Nina Kane’s only worries are keeping her soul as pure as possible and finding a way to bring food to the table every evening without fail. With a mother who is an addict and a young sister depending on her, no one can help Nina but herself. In future America, the Church rules as steadfastly and cruelly as it did in the past. Women are kept pure and, if they are healthy enough, allowed to breed once they marry. If not, they are sterilised, just like the men who are impure and unhealthy. One is cleansed from their sins by purification:
Flames masked his ruined face, but could not mute his screams or the crackle of his crisping sin, captured by multiple microphones and broadcast all over the country. He hunched forward, futilely trying to protect the most vulnerable parts of his body as smoke rose and disappeared into the rapidly darkening sky.
But that’s not all. Demons infiltrate human bodies and take over. They’re everywhere, watching constantly. It’s only a matter of time before an army comes to New Temperance.
Part human, part monster, the creature squatted, a tangle of knees and elbows, stringy muscles shifting beneath grayish skin. The limbs were too long and too thin, the angles too sharp. The eyes were too small, but they shone with colorless light that seemed to see deep inside me, as if it were looking for something I wasn’t even sure I had.
Degenerate.
One night, as Nina is walking home with a bag of stolen clothes, she encounters are degenerate. Fleeing from the monster, she is saved by a strange boy… a boy who has the power of exorcism, something he shouldn’t have, because all the Exorcists work for the Church and the Church wouldn’t let an Exorcist go rogue. Or would they?

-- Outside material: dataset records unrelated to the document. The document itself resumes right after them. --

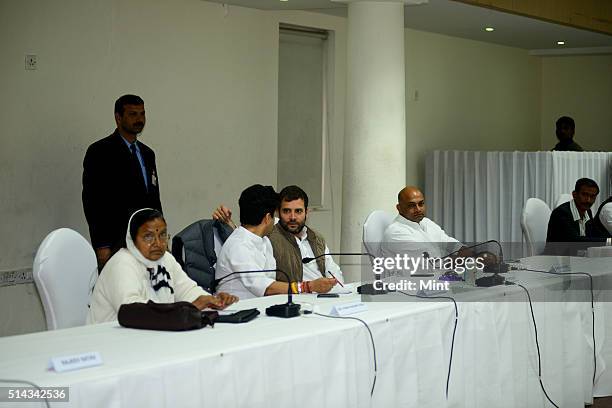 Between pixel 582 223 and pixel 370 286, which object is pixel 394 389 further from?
pixel 582 223

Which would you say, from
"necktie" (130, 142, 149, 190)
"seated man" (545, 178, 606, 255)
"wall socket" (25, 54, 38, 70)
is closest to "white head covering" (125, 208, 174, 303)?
"necktie" (130, 142, 149, 190)

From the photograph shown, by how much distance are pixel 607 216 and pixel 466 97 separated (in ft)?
11.5

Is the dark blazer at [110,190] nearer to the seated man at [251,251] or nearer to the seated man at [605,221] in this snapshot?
the seated man at [251,251]

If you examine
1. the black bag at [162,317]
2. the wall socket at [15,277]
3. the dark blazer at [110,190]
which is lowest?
the wall socket at [15,277]

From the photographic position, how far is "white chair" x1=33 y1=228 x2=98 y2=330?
387 centimetres

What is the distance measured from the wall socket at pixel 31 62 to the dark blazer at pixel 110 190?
952 millimetres

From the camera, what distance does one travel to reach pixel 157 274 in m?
3.93

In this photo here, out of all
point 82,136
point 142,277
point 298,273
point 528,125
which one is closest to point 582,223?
point 298,273

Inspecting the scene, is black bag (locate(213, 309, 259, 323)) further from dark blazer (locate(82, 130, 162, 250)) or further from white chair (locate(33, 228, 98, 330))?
dark blazer (locate(82, 130, 162, 250))

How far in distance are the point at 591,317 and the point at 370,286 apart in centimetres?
138

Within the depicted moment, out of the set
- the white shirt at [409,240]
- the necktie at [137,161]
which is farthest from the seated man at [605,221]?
the necktie at [137,161]

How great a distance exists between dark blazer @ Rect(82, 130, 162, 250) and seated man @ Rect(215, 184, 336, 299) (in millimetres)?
1022

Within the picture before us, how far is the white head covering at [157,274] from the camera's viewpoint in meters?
3.86

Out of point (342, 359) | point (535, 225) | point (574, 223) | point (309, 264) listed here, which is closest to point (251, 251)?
point (309, 264)
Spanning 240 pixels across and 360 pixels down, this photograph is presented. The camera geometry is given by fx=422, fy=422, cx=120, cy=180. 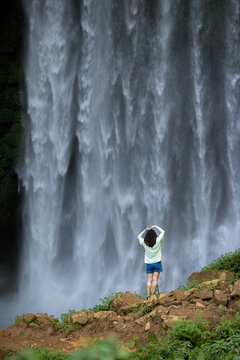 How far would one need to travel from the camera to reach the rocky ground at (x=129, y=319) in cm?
579

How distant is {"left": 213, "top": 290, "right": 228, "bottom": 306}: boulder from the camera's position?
5953 mm

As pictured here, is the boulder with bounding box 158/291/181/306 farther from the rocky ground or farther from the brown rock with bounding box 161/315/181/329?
the brown rock with bounding box 161/315/181/329

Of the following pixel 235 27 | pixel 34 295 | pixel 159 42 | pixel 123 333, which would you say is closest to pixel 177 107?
pixel 159 42

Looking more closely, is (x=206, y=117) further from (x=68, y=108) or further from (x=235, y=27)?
(x=68, y=108)

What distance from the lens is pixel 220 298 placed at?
236 inches

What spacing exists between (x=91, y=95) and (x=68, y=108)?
3.62 feet

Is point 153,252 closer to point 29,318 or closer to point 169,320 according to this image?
point 169,320

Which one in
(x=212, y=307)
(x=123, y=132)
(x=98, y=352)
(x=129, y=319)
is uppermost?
(x=123, y=132)

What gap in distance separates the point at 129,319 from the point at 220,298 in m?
1.44

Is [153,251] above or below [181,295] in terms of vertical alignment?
above

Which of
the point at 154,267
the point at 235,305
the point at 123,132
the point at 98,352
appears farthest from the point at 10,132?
the point at 98,352

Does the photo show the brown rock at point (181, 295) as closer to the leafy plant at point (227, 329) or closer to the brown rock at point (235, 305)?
the brown rock at point (235, 305)

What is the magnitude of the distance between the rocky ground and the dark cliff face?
1126cm

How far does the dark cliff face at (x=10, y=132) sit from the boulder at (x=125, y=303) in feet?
37.0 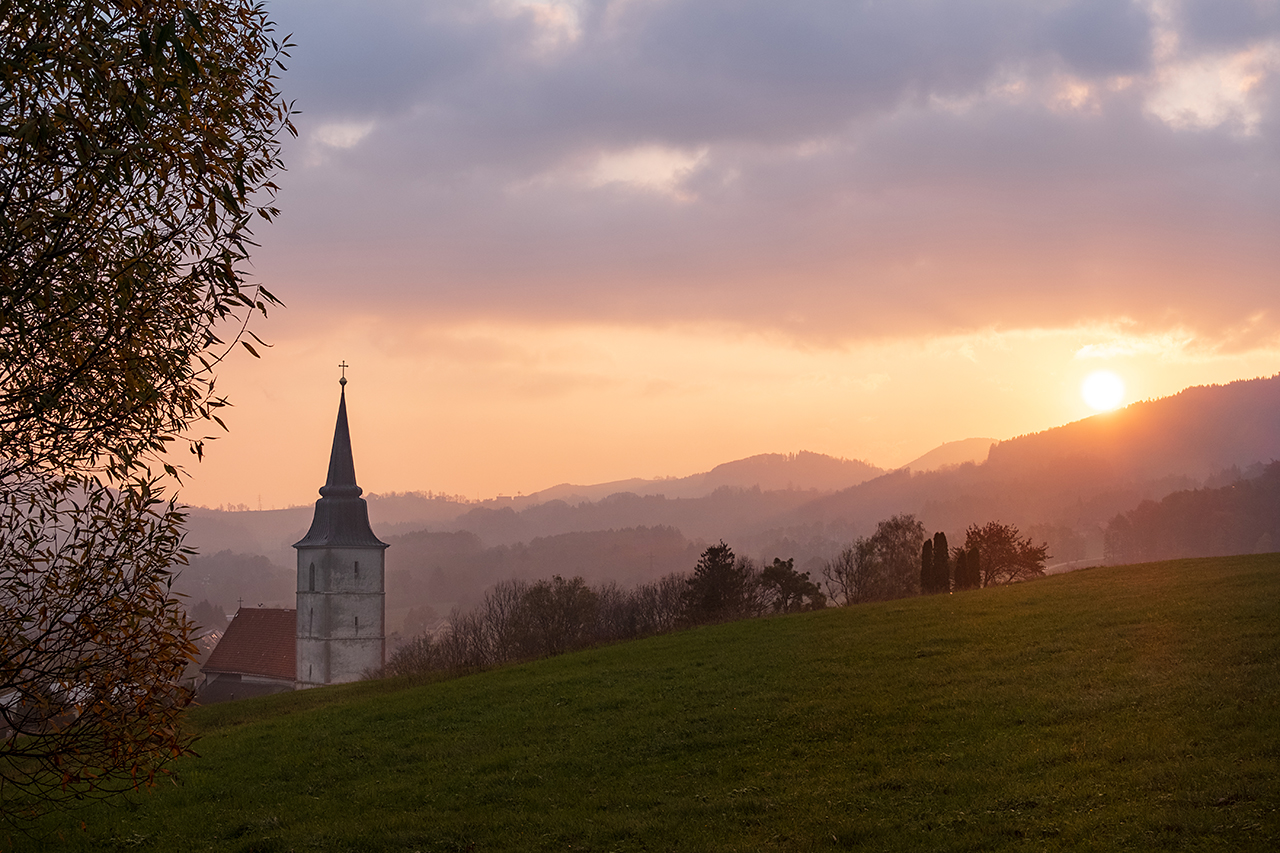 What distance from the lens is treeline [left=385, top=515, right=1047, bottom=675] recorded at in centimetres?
4656

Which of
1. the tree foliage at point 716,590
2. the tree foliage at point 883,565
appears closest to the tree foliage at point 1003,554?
the tree foliage at point 883,565

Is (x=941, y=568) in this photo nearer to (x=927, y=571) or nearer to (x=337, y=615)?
(x=927, y=571)

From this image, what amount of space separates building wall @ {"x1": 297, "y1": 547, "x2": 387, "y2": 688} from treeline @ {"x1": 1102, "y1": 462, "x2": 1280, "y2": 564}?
10074 centimetres

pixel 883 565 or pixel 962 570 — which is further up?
pixel 962 570

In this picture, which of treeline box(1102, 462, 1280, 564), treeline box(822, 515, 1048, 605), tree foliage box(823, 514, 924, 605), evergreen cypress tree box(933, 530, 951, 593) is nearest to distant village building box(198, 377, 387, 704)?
tree foliage box(823, 514, 924, 605)

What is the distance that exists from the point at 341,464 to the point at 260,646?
60.3 ft

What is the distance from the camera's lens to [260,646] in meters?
80.2

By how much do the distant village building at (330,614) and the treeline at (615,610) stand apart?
1012 centimetres

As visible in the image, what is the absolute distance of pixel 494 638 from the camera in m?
61.6

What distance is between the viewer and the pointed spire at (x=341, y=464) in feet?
253

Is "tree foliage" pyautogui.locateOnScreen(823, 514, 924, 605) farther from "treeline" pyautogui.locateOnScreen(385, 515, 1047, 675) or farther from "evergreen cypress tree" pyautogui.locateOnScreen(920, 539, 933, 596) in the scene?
"evergreen cypress tree" pyautogui.locateOnScreen(920, 539, 933, 596)

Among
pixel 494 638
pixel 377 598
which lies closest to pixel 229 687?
pixel 377 598

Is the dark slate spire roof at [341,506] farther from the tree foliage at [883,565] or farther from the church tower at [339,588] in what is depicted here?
the tree foliage at [883,565]

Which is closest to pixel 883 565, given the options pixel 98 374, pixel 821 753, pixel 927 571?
pixel 927 571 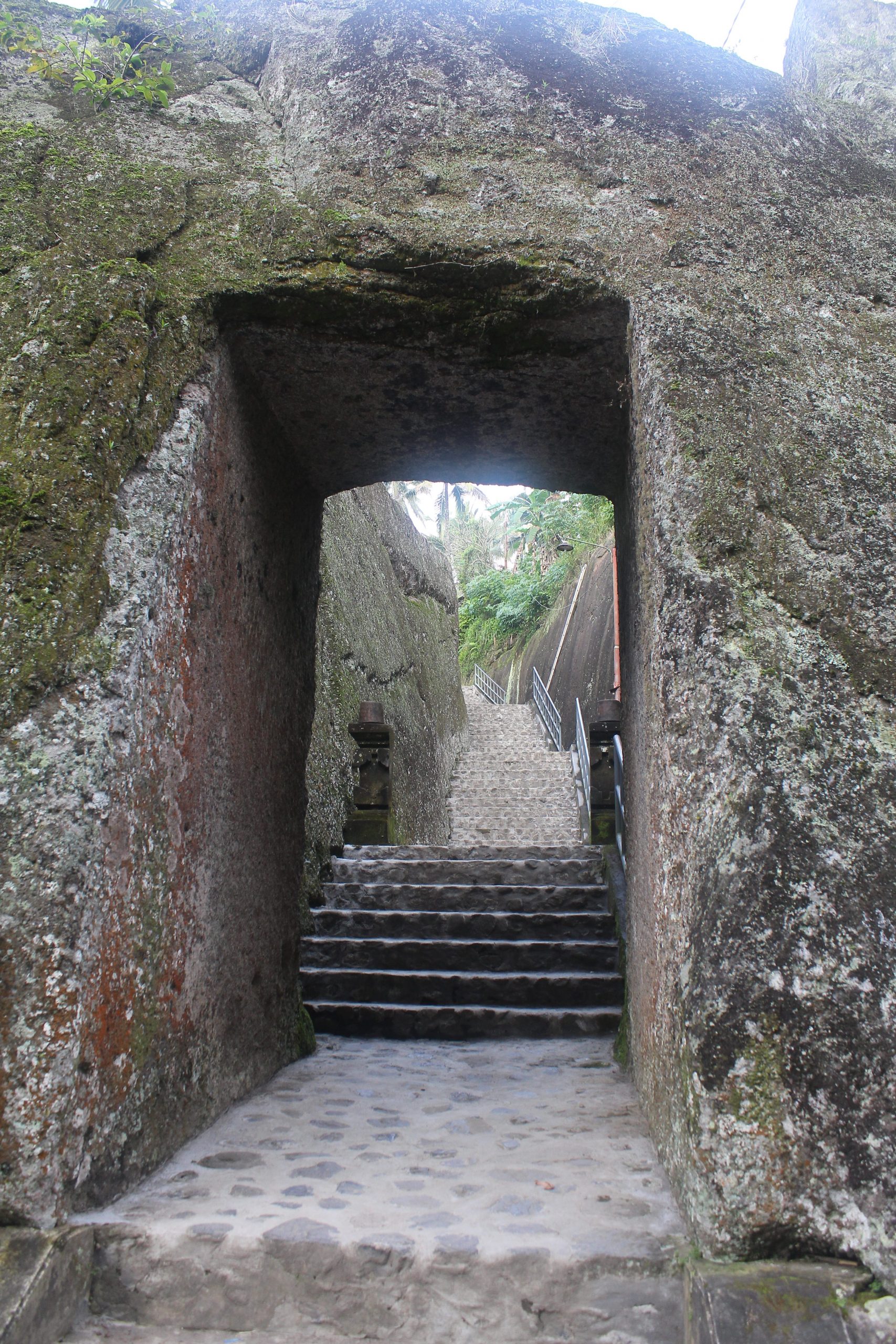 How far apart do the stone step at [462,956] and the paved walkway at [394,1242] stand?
1.97 meters

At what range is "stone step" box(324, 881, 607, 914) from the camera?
15.6ft

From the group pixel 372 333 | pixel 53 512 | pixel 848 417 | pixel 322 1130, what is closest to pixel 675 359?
pixel 848 417

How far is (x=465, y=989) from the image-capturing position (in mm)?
3938

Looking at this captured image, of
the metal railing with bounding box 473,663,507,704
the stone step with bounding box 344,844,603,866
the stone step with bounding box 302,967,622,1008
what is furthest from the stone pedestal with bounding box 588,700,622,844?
the metal railing with bounding box 473,663,507,704

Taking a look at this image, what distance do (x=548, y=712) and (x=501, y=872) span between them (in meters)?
8.96

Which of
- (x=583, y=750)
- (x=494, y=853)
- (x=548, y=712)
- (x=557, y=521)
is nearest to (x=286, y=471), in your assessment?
(x=494, y=853)

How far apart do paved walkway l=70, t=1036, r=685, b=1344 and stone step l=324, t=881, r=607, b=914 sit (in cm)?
255

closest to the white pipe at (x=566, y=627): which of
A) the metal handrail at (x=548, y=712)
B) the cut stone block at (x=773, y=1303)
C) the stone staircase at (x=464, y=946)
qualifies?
the metal handrail at (x=548, y=712)

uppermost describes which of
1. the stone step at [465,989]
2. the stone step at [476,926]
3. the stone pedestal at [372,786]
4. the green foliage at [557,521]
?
the green foliage at [557,521]

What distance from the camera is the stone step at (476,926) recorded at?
14.6 feet

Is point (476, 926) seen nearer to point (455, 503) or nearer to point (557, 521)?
point (557, 521)

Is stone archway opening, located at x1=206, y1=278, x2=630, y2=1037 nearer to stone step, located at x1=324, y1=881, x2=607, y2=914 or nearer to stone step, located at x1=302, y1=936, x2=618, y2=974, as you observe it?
stone step, located at x1=302, y1=936, x2=618, y2=974

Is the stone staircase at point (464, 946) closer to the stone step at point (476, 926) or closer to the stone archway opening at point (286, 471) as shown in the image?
the stone step at point (476, 926)

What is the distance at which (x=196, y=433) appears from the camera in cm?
209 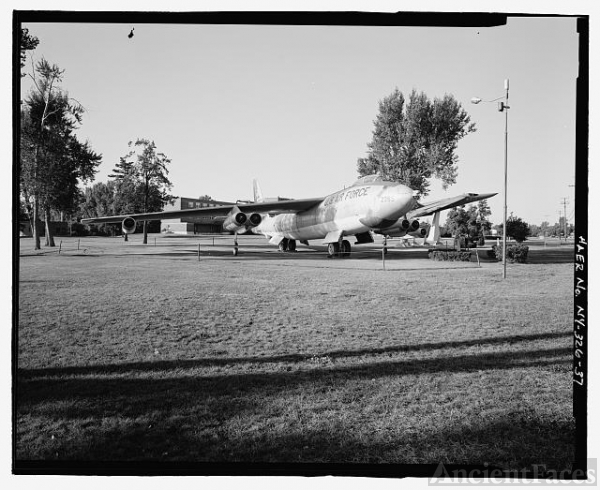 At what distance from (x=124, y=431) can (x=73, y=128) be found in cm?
241

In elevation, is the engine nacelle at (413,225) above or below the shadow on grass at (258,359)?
above

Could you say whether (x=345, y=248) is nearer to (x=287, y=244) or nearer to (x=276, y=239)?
(x=287, y=244)

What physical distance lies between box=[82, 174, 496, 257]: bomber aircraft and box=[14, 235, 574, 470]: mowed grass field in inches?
44.2

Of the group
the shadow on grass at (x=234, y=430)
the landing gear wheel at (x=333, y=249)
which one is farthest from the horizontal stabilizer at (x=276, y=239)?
the shadow on grass at (x=234, y=430)

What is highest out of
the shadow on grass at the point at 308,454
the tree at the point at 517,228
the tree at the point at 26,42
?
the tree at the point at 26,42

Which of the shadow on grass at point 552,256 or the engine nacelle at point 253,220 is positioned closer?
the shadow on grass at point 552,256

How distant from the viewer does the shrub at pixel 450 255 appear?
591 centimetres

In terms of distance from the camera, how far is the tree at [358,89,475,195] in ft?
10.2

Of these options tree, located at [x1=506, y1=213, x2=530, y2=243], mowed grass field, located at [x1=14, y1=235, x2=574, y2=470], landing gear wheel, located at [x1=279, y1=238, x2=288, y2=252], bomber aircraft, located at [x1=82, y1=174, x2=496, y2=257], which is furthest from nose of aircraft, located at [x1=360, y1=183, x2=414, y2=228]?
landing gear wheel, located at [x1=279, y1=238, x2=288, y2=252]

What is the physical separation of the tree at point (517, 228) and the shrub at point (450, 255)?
6.45ft

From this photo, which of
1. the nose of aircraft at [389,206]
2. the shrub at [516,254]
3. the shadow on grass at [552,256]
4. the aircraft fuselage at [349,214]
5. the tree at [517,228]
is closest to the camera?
the shadow on grass at [552,256]

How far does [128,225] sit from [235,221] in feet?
11.4

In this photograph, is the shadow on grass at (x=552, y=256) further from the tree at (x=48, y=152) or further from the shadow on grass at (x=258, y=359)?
the tree at (x=48, y=152)

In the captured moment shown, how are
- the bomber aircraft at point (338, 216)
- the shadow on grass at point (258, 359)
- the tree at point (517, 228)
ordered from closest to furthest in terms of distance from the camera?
the shadow on grass at point (258, 359) < the tree at point (517, 228) < the bomber aircraft at point (338, 216) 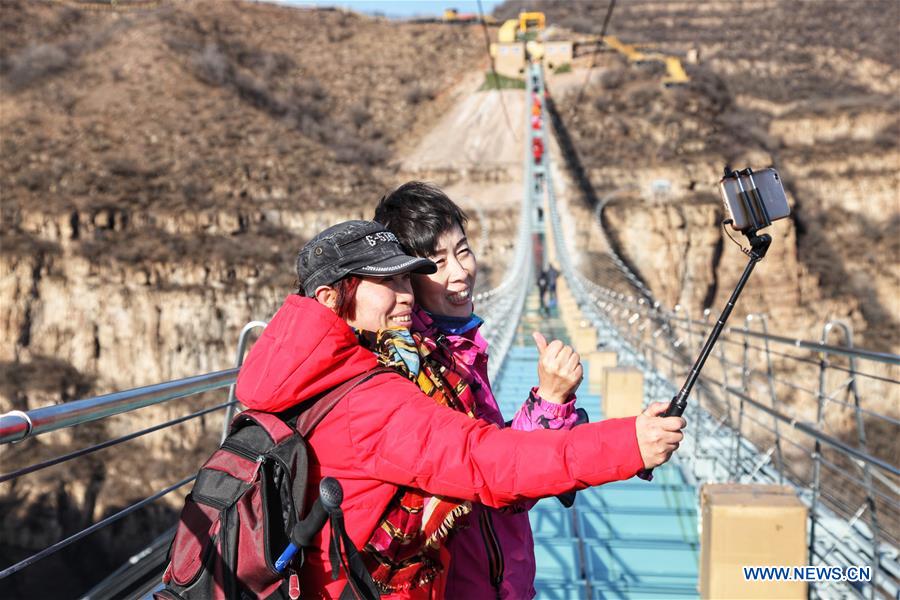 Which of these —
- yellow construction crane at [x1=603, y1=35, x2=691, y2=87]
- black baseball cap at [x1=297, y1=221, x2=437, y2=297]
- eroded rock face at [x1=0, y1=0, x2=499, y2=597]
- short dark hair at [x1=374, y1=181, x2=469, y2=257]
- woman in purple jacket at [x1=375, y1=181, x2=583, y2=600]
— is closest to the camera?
black baseball cap at [x1=297, y1=221, x2=437, y2=297]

When Nina’s little sister Melanie reveals a secret that could kill them both, Nina needs to make a decision: run or stay? Fight or flight?It’s not long before the decision is made for her, and Melanie is ripped away from Nina. Nina’s world will never be the same again. When the boy saves her life a second time and introduces her to a group of rogue teens running for their lives, Nina joins them and sets out to find and save her sister, even if it might kill them both.
There were a lot of good components that made up The Stars Never Rise, such as the sisterly bond, the fast-paced, never ending action and the world building. However, there were a lot of things that didn’t sit well, one of them being the case of insta-love that came so quickly out of nowhere that it could leave your head spinning for days. Romance seems to be a necessary element in YA today and, while that’s all good and well, it didn’t seem to really fit this story line, with Nina running from the Church whilst also running towards the Church. The romance happened incredibly quickly, and didn’t even have a chance to develop before it turned angsty and dramatic, with a good portion of the book dedicated to Nina’s thinking “Will I or Won’t I?” rather than concentrating on the matter at hand: The group is wanted by the Church and hunted by demons.
Overall, a fun, sweet read but it was disappointing on the romance front.